Yani, eşini arıyordu tabii ama ne konuştuklarını söyleyecek değildi.

Kısaca bu durumdan memnun ve Omegaya minnettardı.

Kararlaştırılan düğün günü yaklaştıkça heyecanlanması gereken gelin ve damat dışında herkes tatlı bir telaş ve panik içindeydi. Anne Styles bu kişilerin başını çekerken Jay onu kızlarıyla birlikte takip ediyordu. Her şeyin onun istediği gibi olmasının yanısıra ek olarak Harry'nin istediği bazı şeyler vardı.

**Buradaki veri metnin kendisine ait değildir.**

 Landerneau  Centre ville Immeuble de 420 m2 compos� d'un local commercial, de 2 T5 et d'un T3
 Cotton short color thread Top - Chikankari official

Ki bunun Louis'den habersiz olmasını istiyordu.

Ona sürpriz yapmaya çalışıyor denebilirdi ancak daha çok kendisine bir hediye olacak gibi duruyordu. Düğün günü için sabırsızlanıyordu, şimdiden Omegasının ne kadar şahane görüneceğini tahmin edebiliyor olması onu daha da heyecanlandırıyordu.

Onun düşündüğü ne düğünün nerede olacağı, ne kimin geleceği ne de magazine nasıl bir duruş sergileyeceğiydi.

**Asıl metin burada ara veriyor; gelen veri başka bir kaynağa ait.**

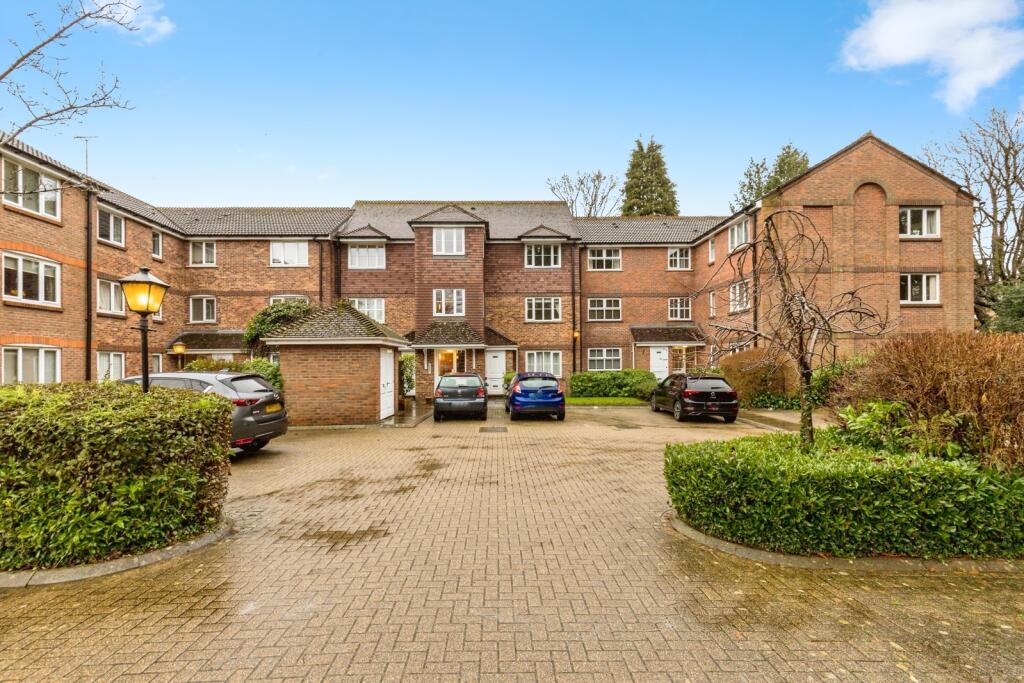 Main image of property: Greenacres, North Parade, Horsham, West Sussex, RH12
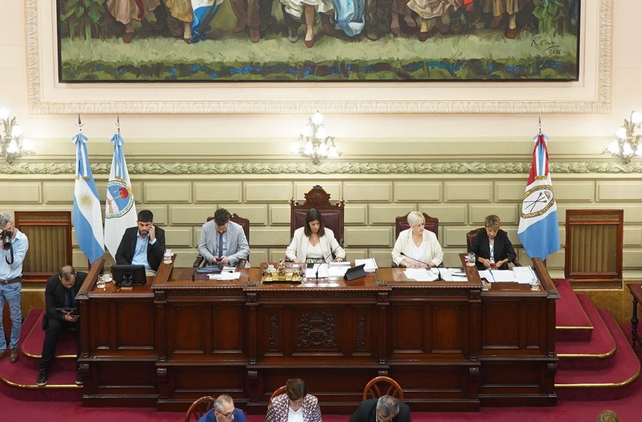 Diputados de Santa Fe tuvo una frenética primera sesión extraordinaria.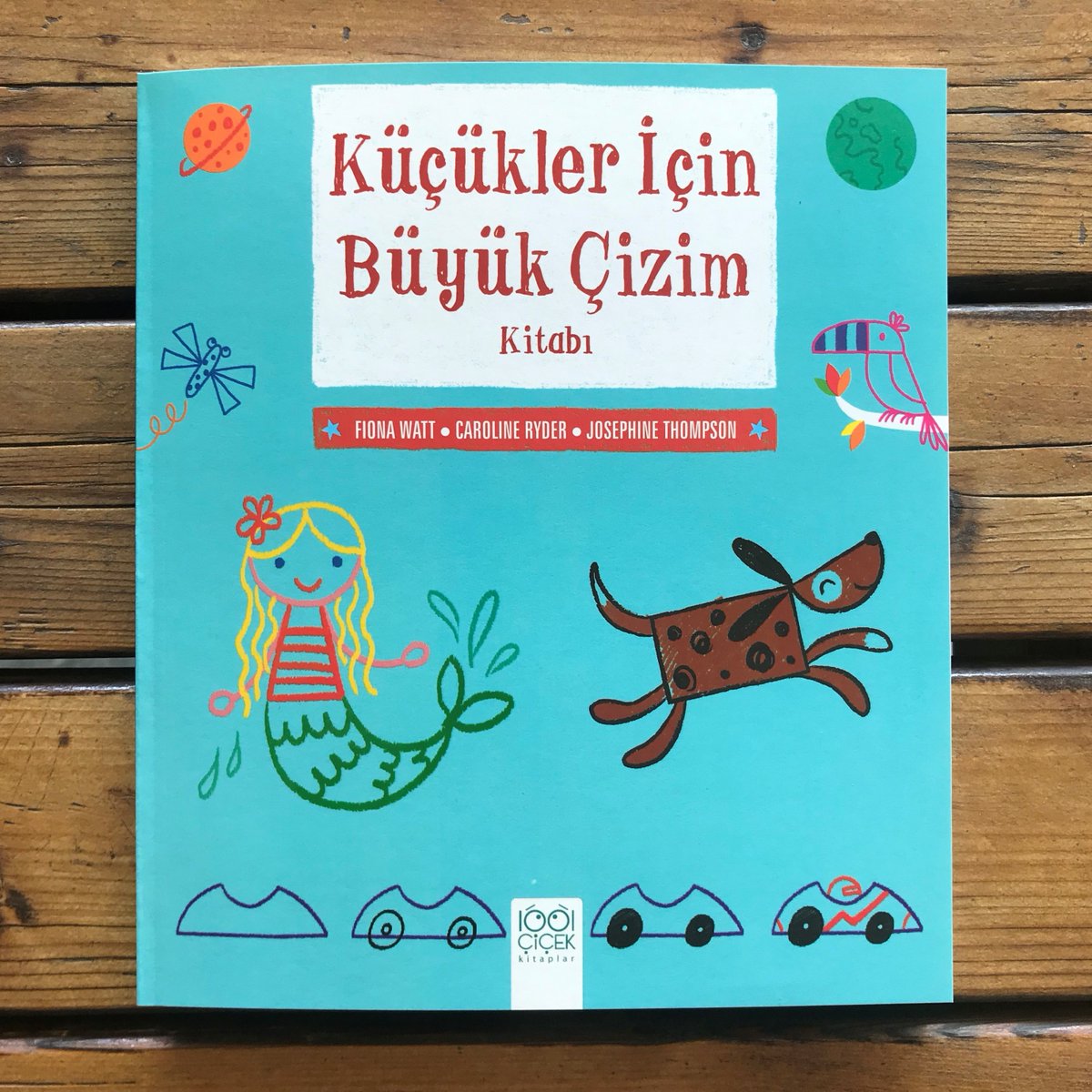 Küçükler İçin Büyük Çizim Kitabı
96 sayfa, renkli

#kitap #yenikitap #yenikitaplar #çocukkitapları #çocukkitabıönerisi #çocukkitabıtavsiyesi #resim #resimçiziyorum #boyama #boyamakitabı #çizimkitabı #adımadımresimçiziyorum #fionawatt #1001çiçekkitaplar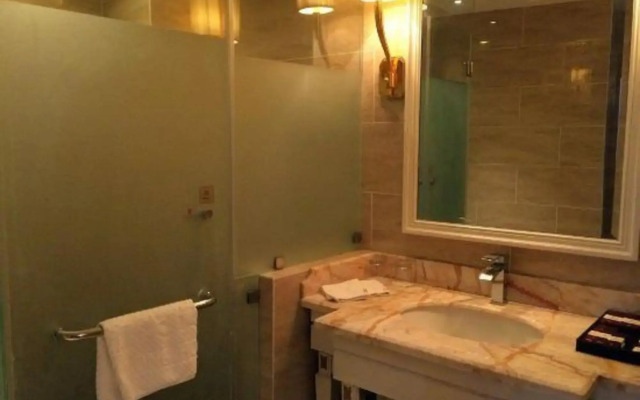 Jinlong Hotel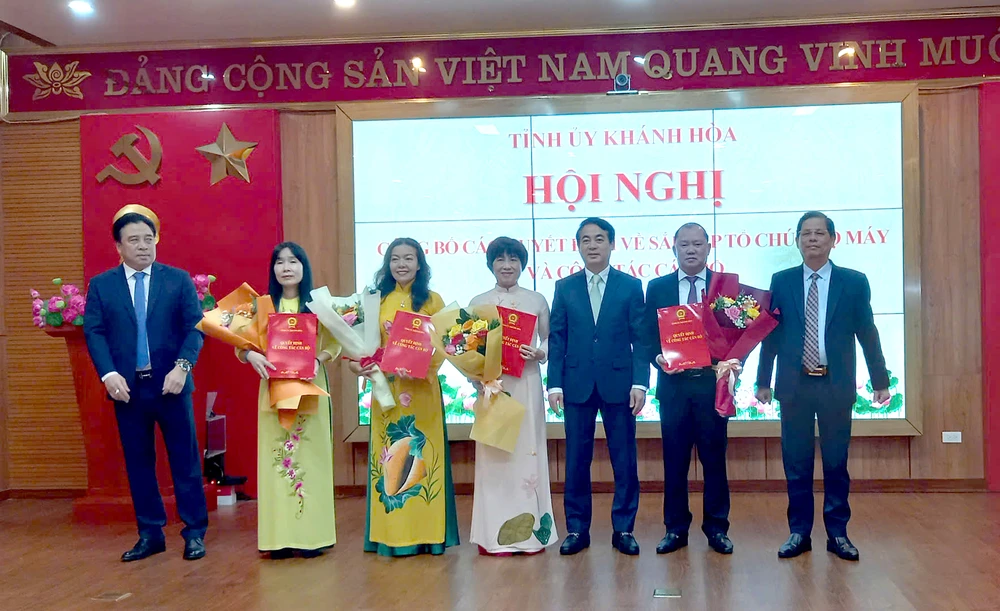 ban tuyên giáo và dân vận.jpg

Tek düşündüğü Omegasının kocası olacağı ve onun nasıl görüneceğiydi.

Rutin haline gelmiş yemek zamanlarından birinde, Harry saatin bir olmasıyla okulun önüne yerleşmişti. Omegasıyla birlikte tüm okul da artık onu görmeye alışmış durumdaydı. Güvenliği selamlıyor, geçen çocuklara el sallıyor ve velilere saygı duruşunda bulunuyordu. Ama en çok sevdiği an, işte bu andı;

Omegası tüm asaletiyle okulun giriş-çıkış kapısında görünüyor, mavi gözleriyle bahçeyi kısaca süzdükten sonra yavaş adımlarla merdiveni inmeye başlıyordu. Ardından da yanına varana kadar önden emin olmak ister gibi kafasını kaldırıyor ve Harry'nin olduğu yere bakıyordu.

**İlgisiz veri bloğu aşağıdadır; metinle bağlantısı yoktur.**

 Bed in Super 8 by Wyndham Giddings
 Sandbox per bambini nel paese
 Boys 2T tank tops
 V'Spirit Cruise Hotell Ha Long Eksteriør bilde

İşte o bakıştan sonra göz göze geldiklerinde Alfaya verdiği küçük, belli belirsiz tebessüm...

Harry'nin kalbi atmak ve durmak arasında gidip geliyor ve nefesini tekletiyordu.

Çok güzel bir eşi vardı...

Tıpkı bu sefer de olduğu gibi bazı zamanlarda Harry o ana kendisini fazla kaptırıyor, Louis yanına ulaşıp arabaya binmiş olsa bile ona hâlâ şapşal bir gülümsemeyle bakıyordu.

"Harry, yine beyninin bazı kısımlarını uçak moduna mı aldın? Sonra geç kalıyoruz ve zamanımız yetmiyor diye sızlanıyorsun."

"Omegam benim..."

Louis ona baygın bir bakış verdikten sonra elini kaldırıp gözlerini kapattı. "Eğer kendine gelmezsen bütün gün bu şekilde dolaşırsın."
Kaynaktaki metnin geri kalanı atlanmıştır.